Politicians vs policy analysts

Jonathan Portes has an interesting post on the Department of Work and Pensions’ analysis of Mandatory Work Activity. Jonathan does a great job summarising the research and it’s fantastic to see good evaluation coming out of the Department. The political headline of the post is less positive: “DWP analysis shows mandatory work activity is largely ineffective. Government is therefore extending it…”. The implication is that, whatever the evaluation shows, the Government is committed to the policy.

Iain Duncan Smith’s welfare reforms have not been universally welcomed.


That sad state of affairs is not unusual: many studies have been unable to link bureaucrats’ cost-benefit analyses with any change in regulatory efficiency. Researchers have clearly struggled to understand why the effect of CBA within government has been so small. Despite decades of effort in the UK to improve impact assessment, the research tends to find that it is done poorly and largely ignored in the final decision. The recommended medicine is usually more of the same, which seems unlikely to yield significant gains.

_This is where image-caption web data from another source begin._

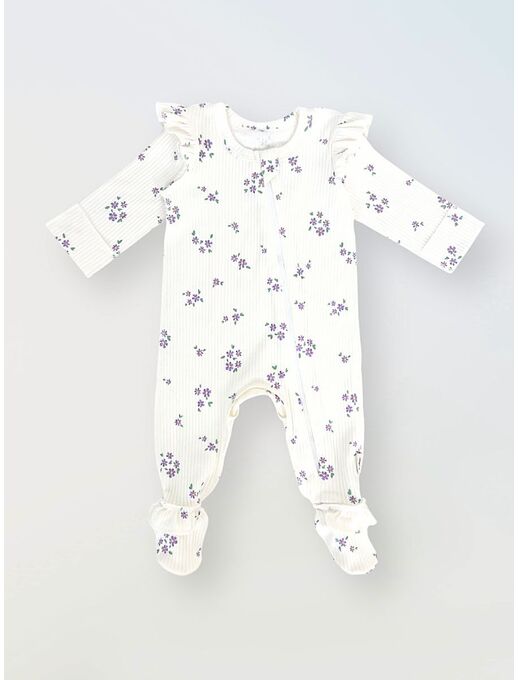 Нательный хлопковый комбинезон слип на молнии Bebo с закрытыми ножками и антицарапками, цвет незабудки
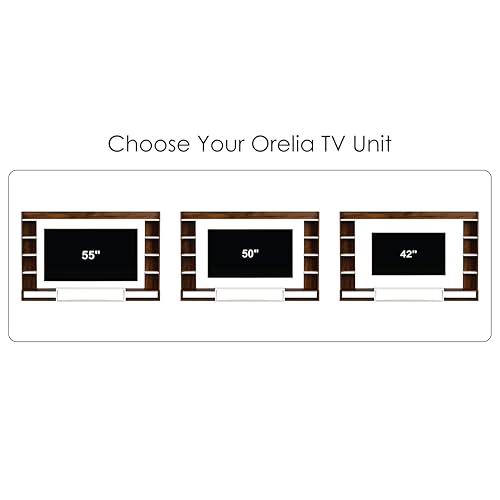 Image of BLUEWUD Orelia Wall Mount TV Unit, TV Stand /TV Entertainment Unit, TV Cabinet | TV Panel with Shelves for Soundbar & Decor Display Unit Bedroom Living Room Upto 60 Inches - DIY (Brown Maple & White)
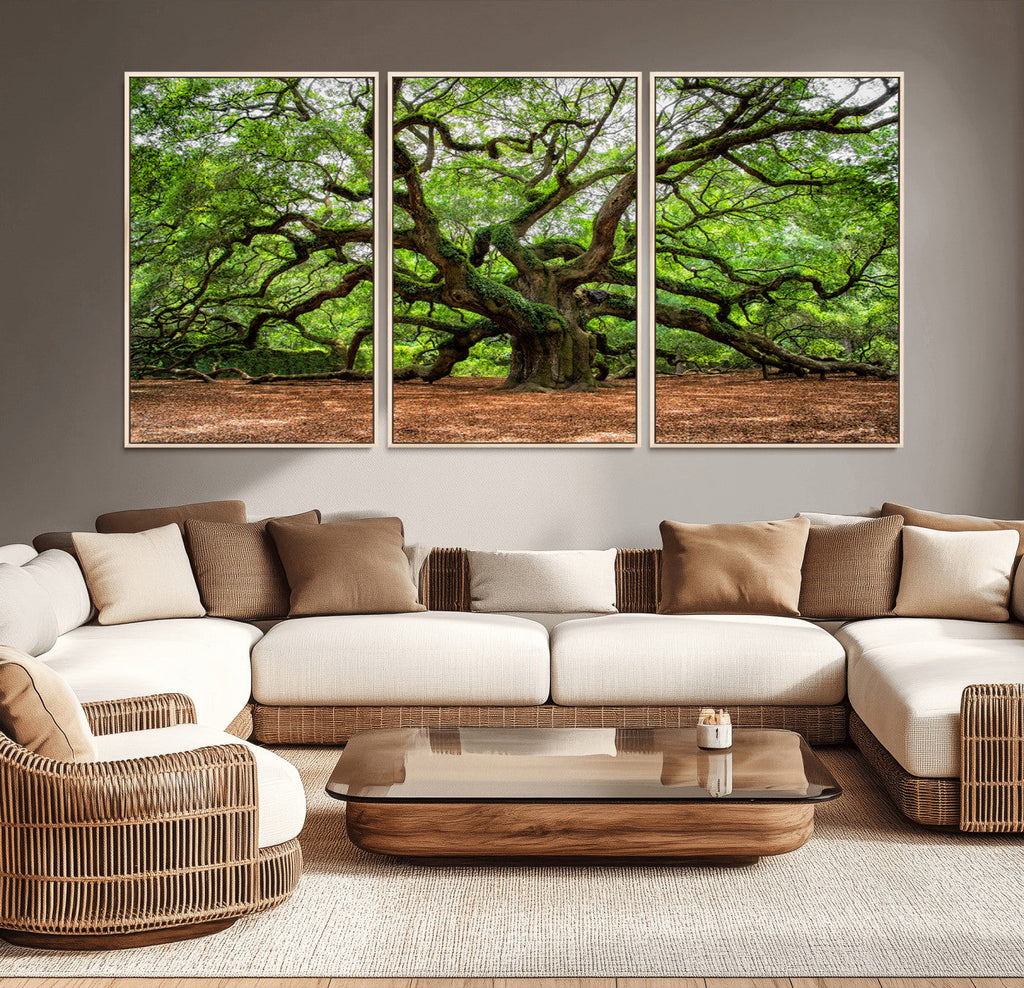 Majestic Oak Tree Wall Art Canvas Print | Ancient Branches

One possibility is that policy analysts and politicians view regulation through a different lens. For an analyst every new regulation is an experiment to be evaluated and assessed. It is nigh on impossible to know the effect of many policies before they are implemented so abandoning a policy that is not working should not be viewed as failure. Rather, it is the successful application of a philosophy of experimentation to improve regulation. The analyst is committed not to any particular policy, but to the process of iterative assessment and improvement.

By contrast, a politician must publicly commit to a specific policy and stake their reputation on it. If the policy fails then they personally suffer huge reputational damage. They are committed to the policy, not the process, so it is difficult for them to pay serious heed to negative evaluations of flagship policies. It is easy to blame politicians but that will not change the incentives they face. Perhaps we should look at the political system and ask why it forces them to commit to particular policies, come what may.